Se se mantiver como se encontra, prevejo que se vá divorciando cada vez mais das necessidades reais dos seus destinatários. Exprimi esta opinião na contibuição que me foi pedida para o Livro Branco da Educação no Século XXI, que a Comissão Europeia está a elaborar. A escolaridade, enquanto sistema dirigido às massas, praticamente não existia antes do século XIX. Foi criada para corresponder às necessidades de massificação da educação criadas pela Sociedade Industrial, e para manter as crianças protegidas das realidades do sistema económico - as indústrias - que as exploravam vilmente como mão de obra barata. Na alvorada do século XXI, nenhum destes pressupostos se mantém. À medida que as economias transitam de lógicas industriais para lógicas do saber, as necessidades passam a centrar-se na obtenção de "trabalhadores do saber". Por outro lado, já não é necessário isolar as crianças da sociedade, em escolas antisépticas. Pelo contrário: pretende-se que a construção do seu saber possa ser uma actividade social plenamente integrada.

Por outro lado, a aprendizagem adquirida nas escolas representa uma parcela cada vez menor da aprendizagem que se adquire no dia-a-dia. Há já muitos anos que alguns pais colocam os seus filhos, fora das horas de escolaridade obrigatória, em estabelecimentos paralelos às escolas oficiais, onde garantem (e, em muitos casos, certificam) a sua competência em línguas, música, dança, electrónica, informática, ou desportos. No entanto, a eclosão das tecnologias multimedia, suportadas por poderosas indústrias culturais, e as potencialidades de interacção através de redes de dados, perfiguram um cenário explosivo de oportunidades de auto-educação e de educação à distância, não só na idade escolar, mas ao longo de toda a vida.

Neste contexto, cada vez mais jovens e adultos exigem variedade de canais de aprendizagem, num sistema de elevada escolha. Exigem também maior actividade e interactividade, mobilidade, convertibilidade, conectividade, ubiquidade, e globalização. As escolas tradicionais estão mal equipadas para fazer face a este desafio. A mudança, da massificação das escolas para a individualização da escolha livre, nomeadamente através das redes de dados, tenderá a retirar parte da importância às escolas e a colocá-la na casa de cada um.

Este cenário poderia fazer crer que partilho o cepticismo de alguns autores radicais quanto ao futuro das escolas. Passa-se o contrário: penso que a escola nunca foi tão necessária! De facto, penso que a variedade explosiva da escolha e a agressividade crescente da oferta estão a mergulhar os cidadãos em geral, e as crianças e jovens em particular, na mais profunda das dissonâncias e ansiedades.
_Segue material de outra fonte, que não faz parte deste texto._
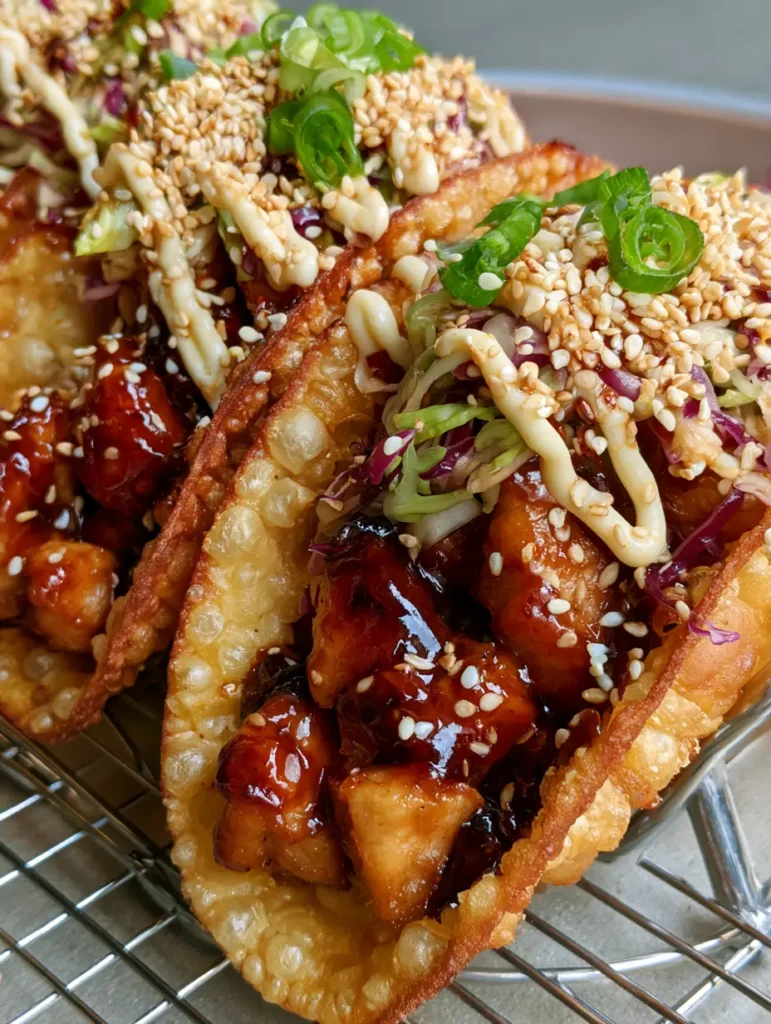 Teriyaki Chicken Wonton Tacos: The Ultimate Crispy Fusion Appetizer 1 Detailed view of the mahogany-colored teriyaki chicken inside a crispy deep-fried wonton shell.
Por outro lado, como dizia Naisbitt na sua identificação das megatendências actuais, a frieza das altas tecnologias impõe uma contrapartida indispensável de calor humano: quanto mais tecnológica é uma sociedade, mais necessita de compensações ao nível dos valores humanos e da afectividade. É aqui que se situa, a meu ver, a função chave de um escola reinventada: dar estrutura a um mundo de diversidade, fornecer os contextos e saberes de base para uma autonomia de sucesso nesse mundo, e fornecer as respostas humanas compensatórias de que a escola dos nossos dias se está a distanciar tão perigosamente.
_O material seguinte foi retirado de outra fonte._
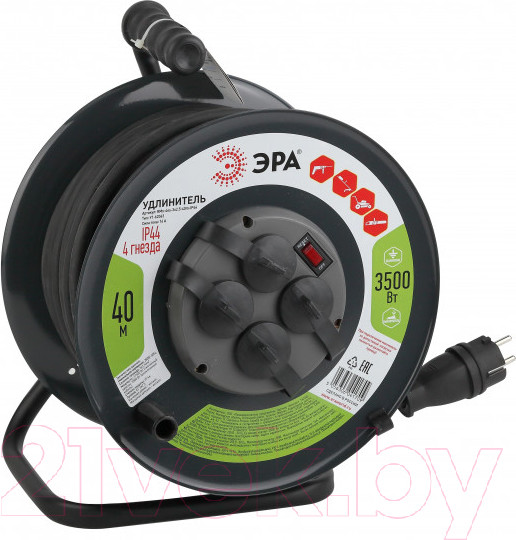 Изображение товара Удлинитель на катушке ЭРА RMx-4es-3x2.5-40m-IP44(KG) / Б0043059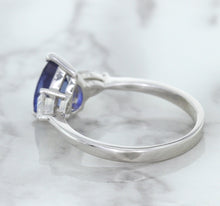 Load image into Gallery viewer, 1.80ct. Pear Blue Sapphire Ring with Diamond Accents in 18K White Gold
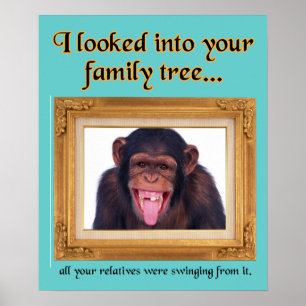 Familienstammbaum-Affe Lustiger Druckposter Schild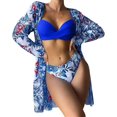 thumbnail image 1 of Kiosan Conjunto de bikini para mujer, traje de baño de 3 piezas, kimono floral, parte superior triangular anudada en la parte delantera, falda de traje de baño inferior de cintura alta, 1 of 4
"Será que as novas tecnologias vão ser uma ferramenta, a par de outras, para ensinar e aprender?"

Sem dúvida! E serão ferramentas com importância crescente. Mas importa esclarecer aqui um aspecto em que a minha visão diverge da habitual. A opinião comum é que essas ferramentas serão usadas principalmente nas escolas. A minha visão é que serão usadas maioritariamente em casa e em centros de recursos publicamente disponíveis (centros estes que evoluirão a partir das bibliotecas públicas). Esta minha opinião baseia-se em três razões principais. Primeiro, as escolas não têm condições financeiras para manterem um grande parque de equipamento que se torna obsoleto todos os dois ou três anos, nem para adquirirem um número significativo de licenças de títulos didácticos, sempre em renovação. Segundo, o ritmo de evolução das tecnologias torna incomportável em termos financeiros, e insustentável em termos profissionais, uma formação e reciclagem permanente dos professores "para as tecnologias". Terceiro, as empresas produtoras de suportes e serviços didácticos só conseguem encontrar viabilidade económica para uma prestação de qualidade se se dirigirem ao mercado alargado do grande consumo. Já actualmente, o mercado doméstico de equipamentos e produtos de software é incomparavelmente mais visível do que o mercado das escolas.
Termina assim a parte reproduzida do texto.